> Exercise details:
For this exercise, copy exactly the lines below from the one with "Ergonomic black handle" through the one with "Large Area Rug" and leave out the pictures.

> Given data:
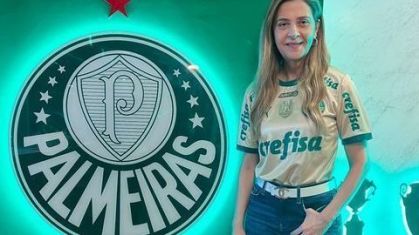 Leila Pereira, presidente do Palmeiras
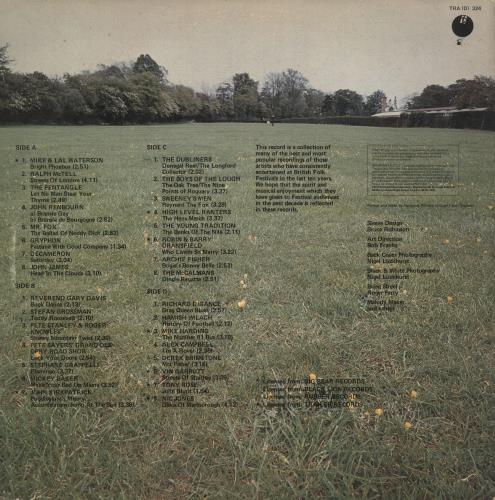 Various-Folk Folk Festival 2-LP vinyl record set (Double LP Album) UK V-F2LFO717928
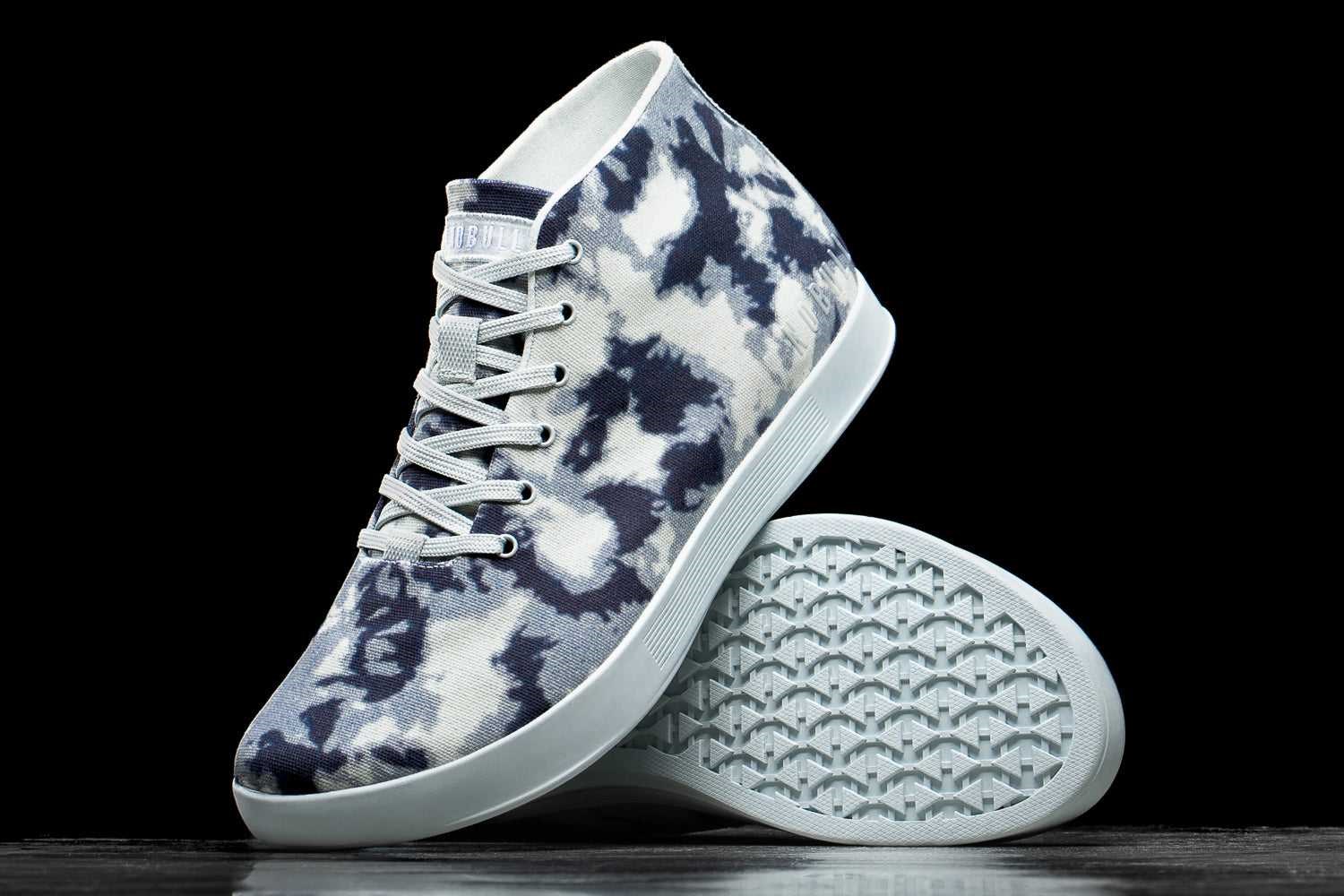 Nobull Canvas Mid Trainer Canvas Ink / Sky Tie-Dye | 6952-CNBKJ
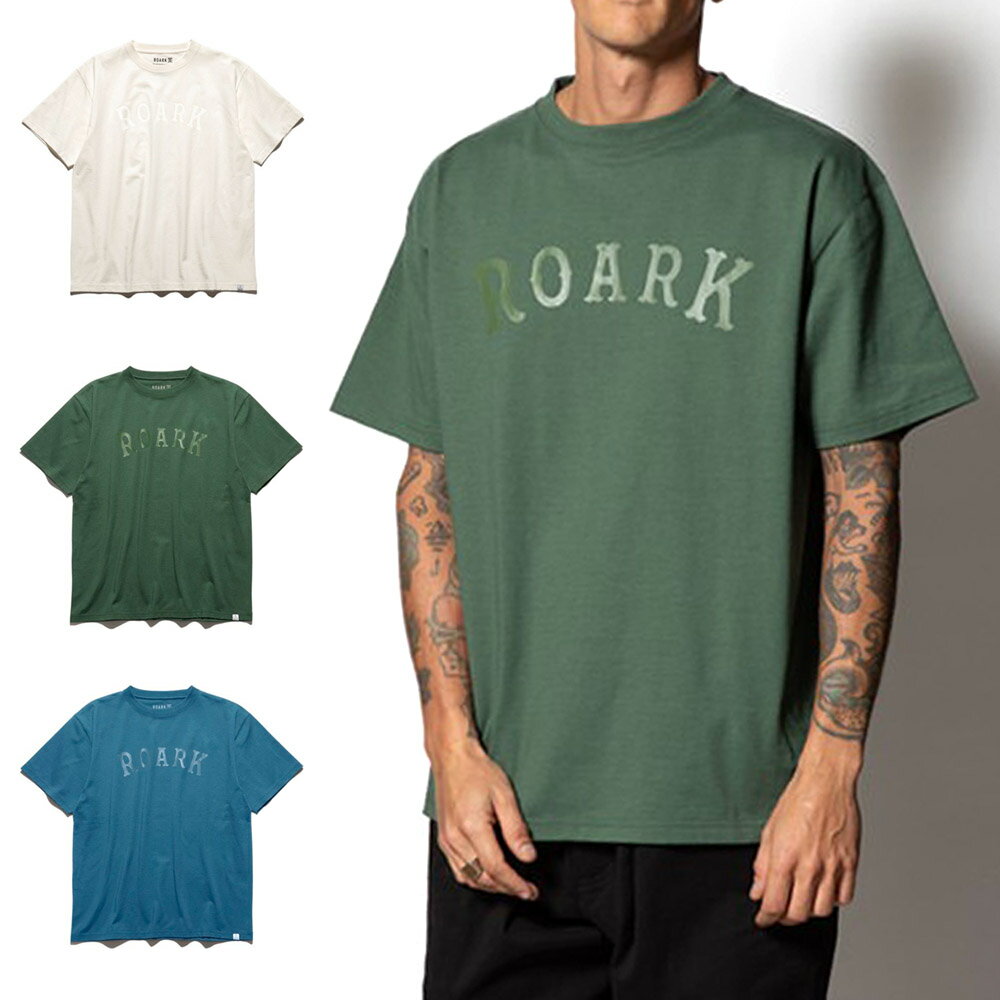 ロアーク リバイバル ROARK REVIVAL Tシャツ メディーバルロゴ ファインテック ドライTシャツ MEDIEVAL LOGO FINE TECH DRY TEE RTJF1002【メンズ レディース】【半袖Tシャツ ティーシャツ TEE ドライTTシャツ アウトドアTシャツ 抗菌 防臭 速乾】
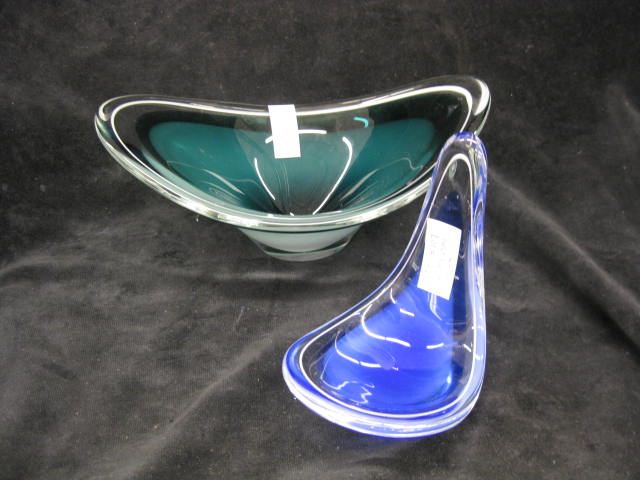 2 Flygsfor Coquille Art Glass 14ce51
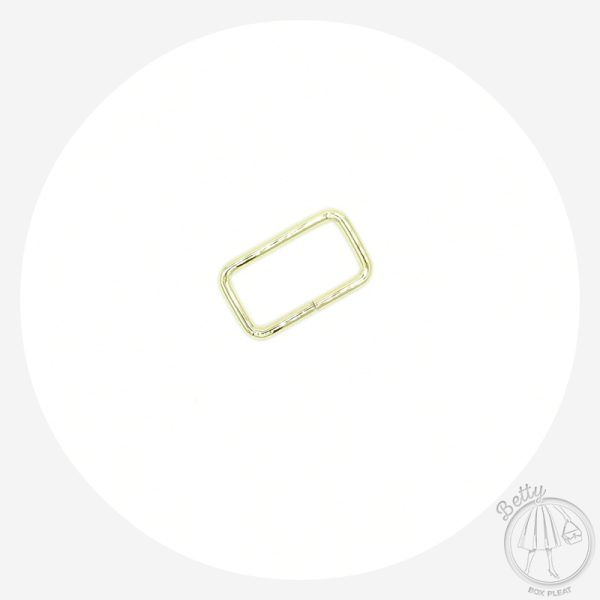 38mm (1 1/2in) Rectangle Ring – Gold – 2 Pack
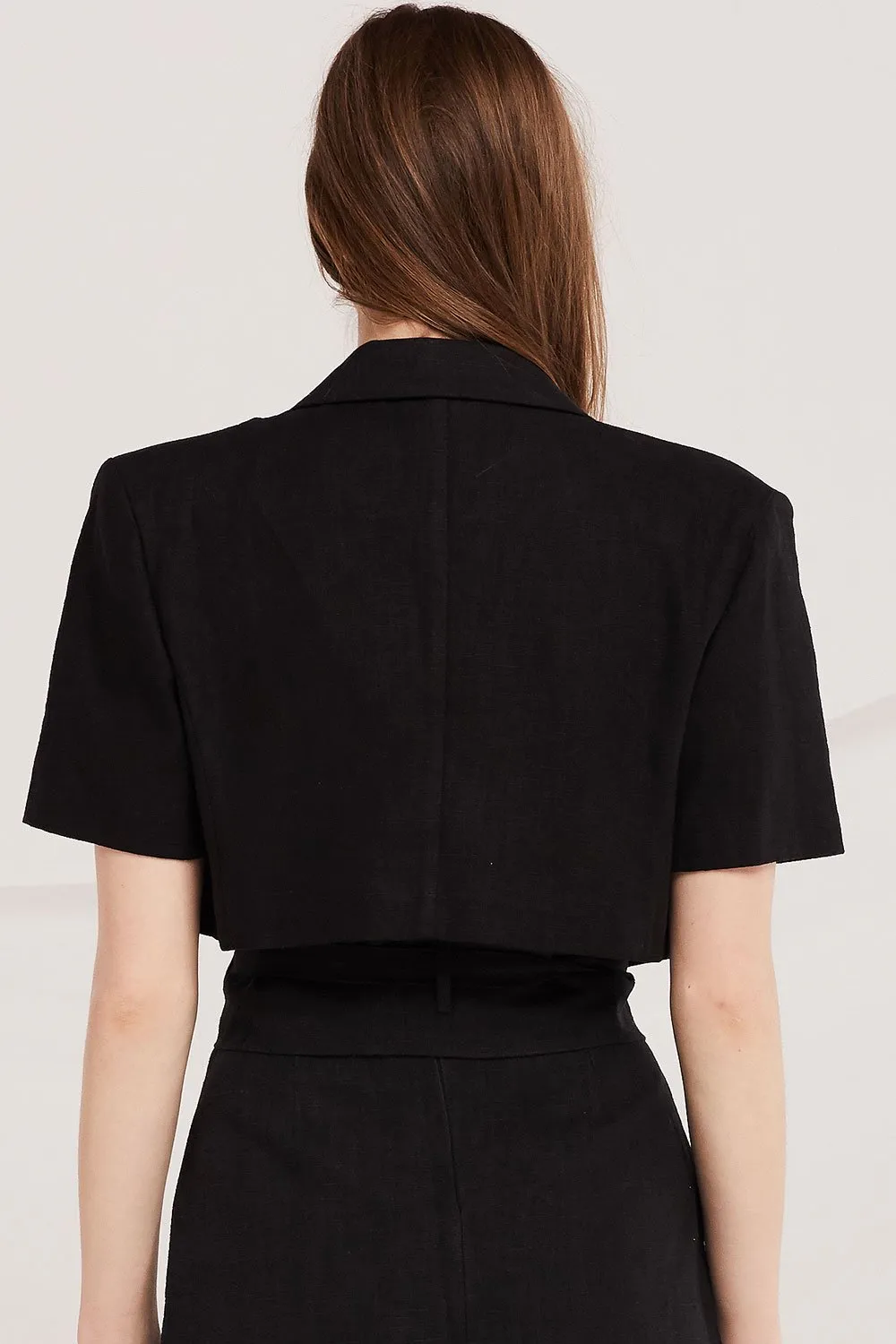 Janessa Cropped Suit Jacket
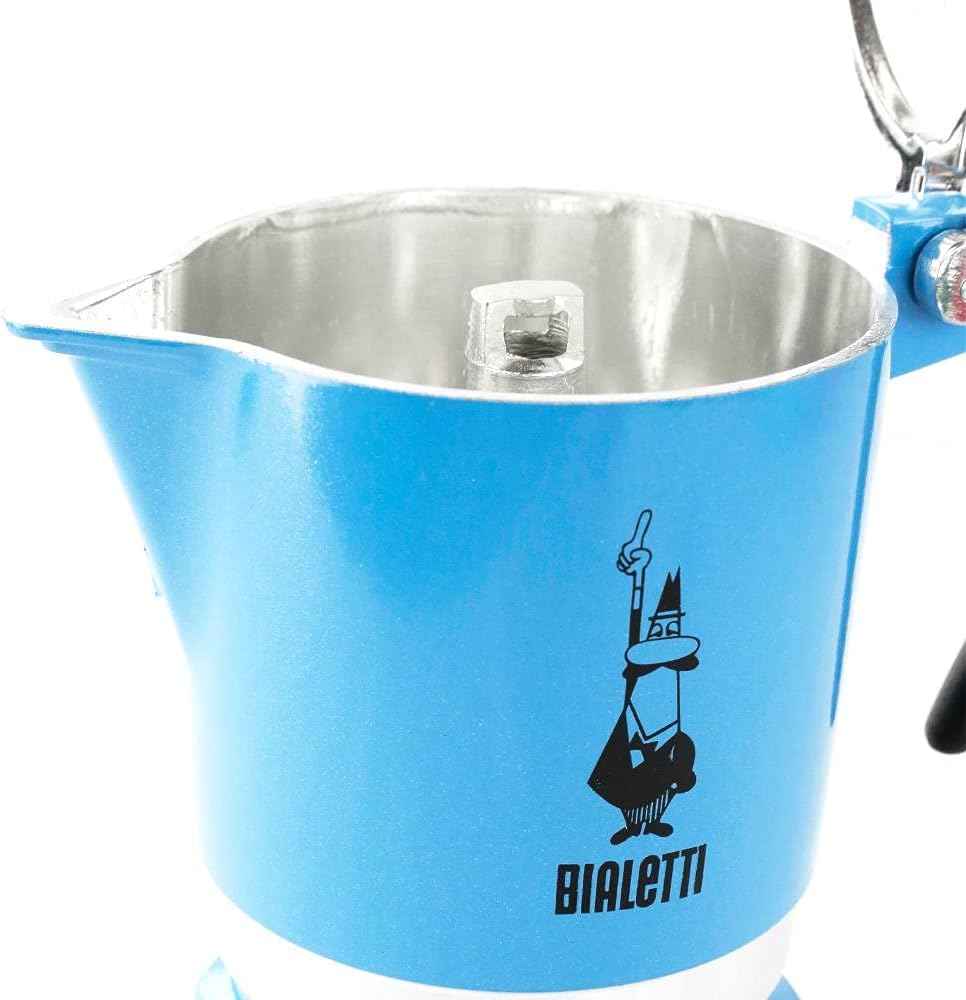 Bialetti Rainbow 3 cups aparati za kafu, plava
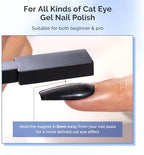 Ergonomic black handle of MelodySusie 5 in 1 nail art magnetic tool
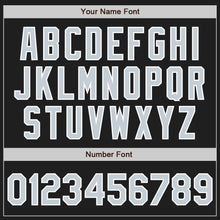 Load image into Gallery viewer, Custom Black Silver-White Authentic Baseball Jersey
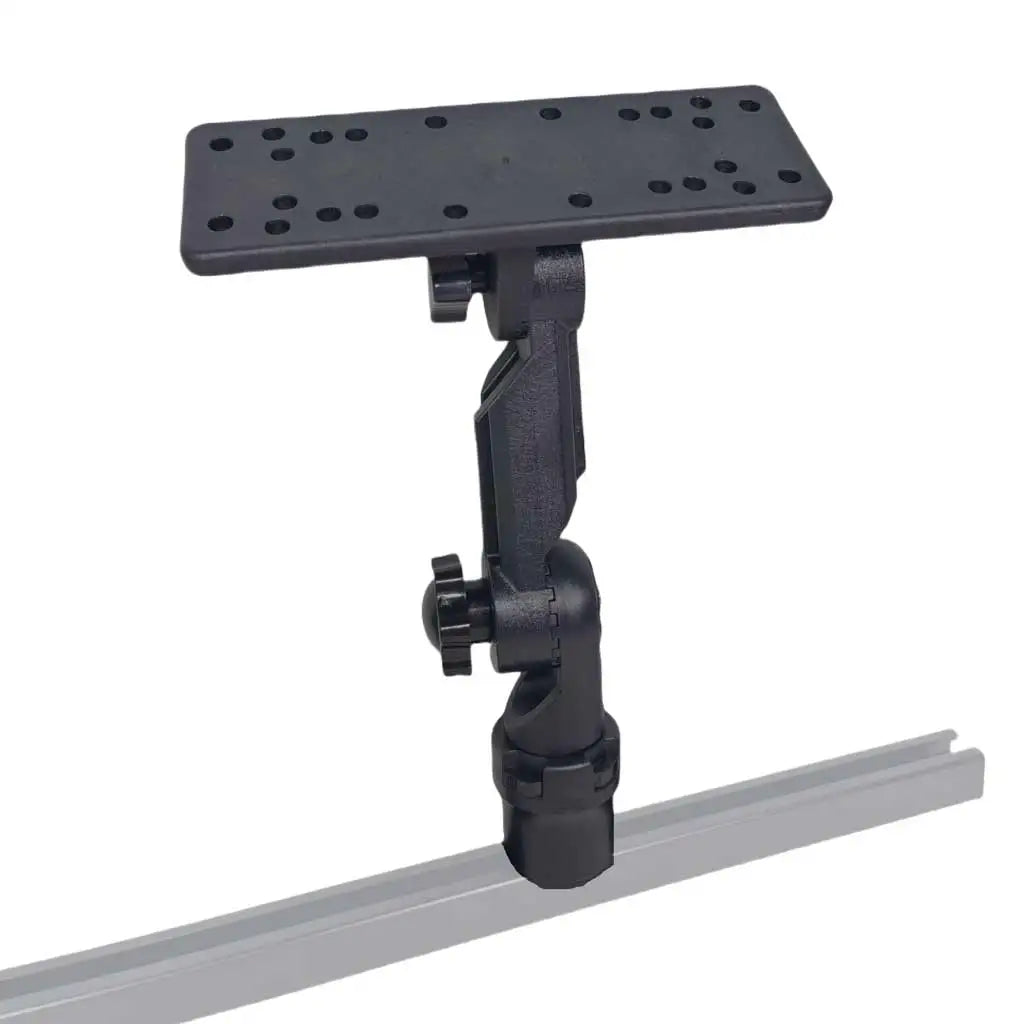 Kayak Canoe Fishfinder Mount Boat Sonar Holder for Garmin, Lowrance & Raymarine Marine Dinghy PVC Boat GPS Holder Plate Oasis Select Sliding Base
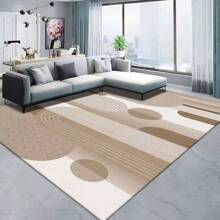 Large Area Rug [1000g/M²], Personalized Abstract Pattern, Luxurious Area Rug Suitable For Various Home Decor Styles, Premium Machine-Washable, Upgraded Version Features Thickened And Densified Material With Non-Slip Bottom Particles, Fade-Resistant, Modern Design Back To School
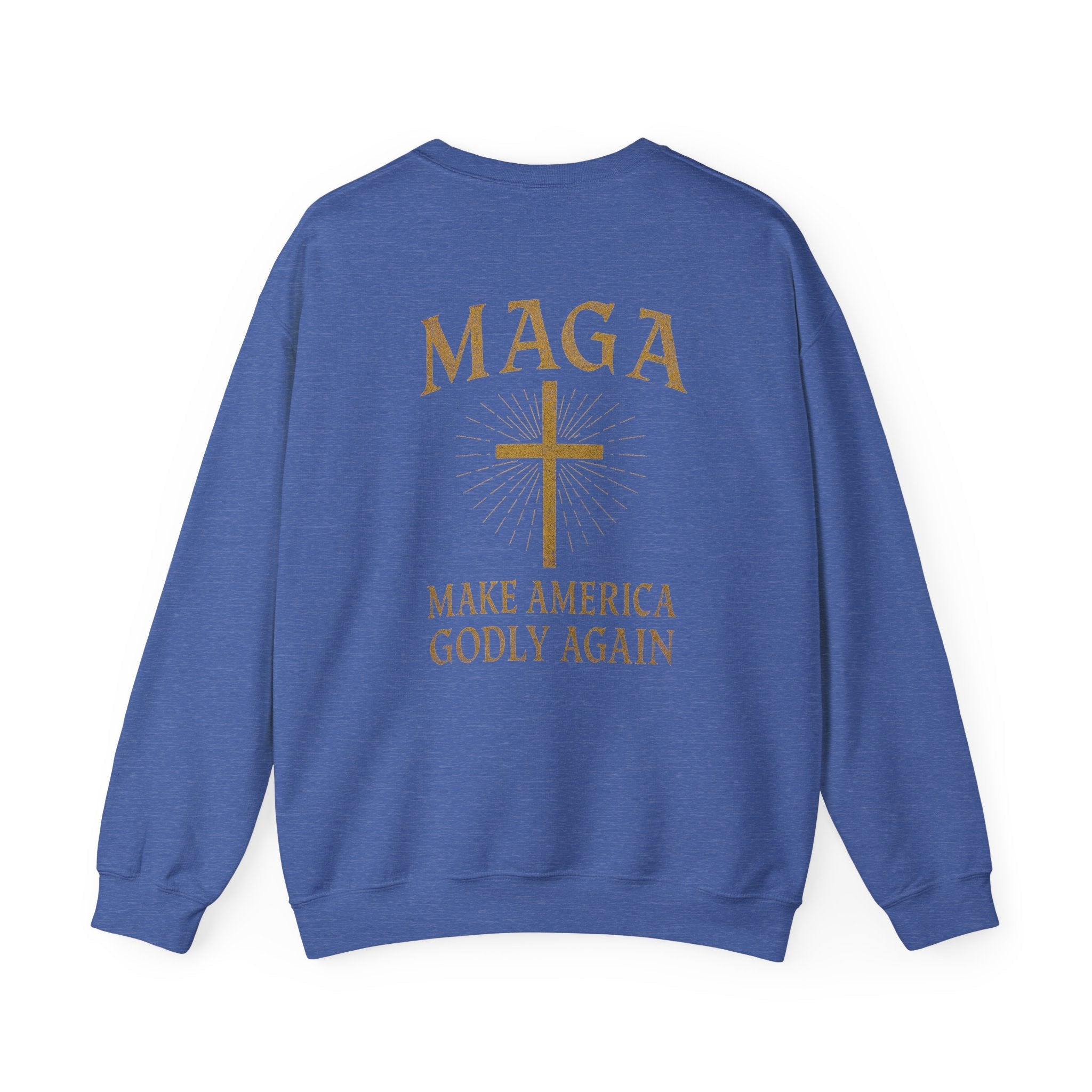 Make America Godly Again Sweatshirt – MAGA Christian Patriotic Hoodie for Faith & Freedom Printify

> Task result:
 Ergonomic black handle of MelodySusie 5 in 1 nail art magnetic tool
 Load image into Gallery viewer, Custom Black Silver-White Authentic Baseball Jersey
 Kayak Canoe Fishfinder Mount Boat Sonar Holder for Garmin, Lowrance & Raymarine Marine Dinghy PVC Boat GPS Holder Plate Oasis Select Sliding Base
 Large Area Rug [1000g/M²], Personalized Abstract Pattern, Luxurious Area Rug Suitable For Various Home Decor Styles, Premium Machine-Washable, Upgraded Version Features Thickened And Densified Material With Non-Slip Bottom Particles, Fade-Resistant, Modern Design Back To School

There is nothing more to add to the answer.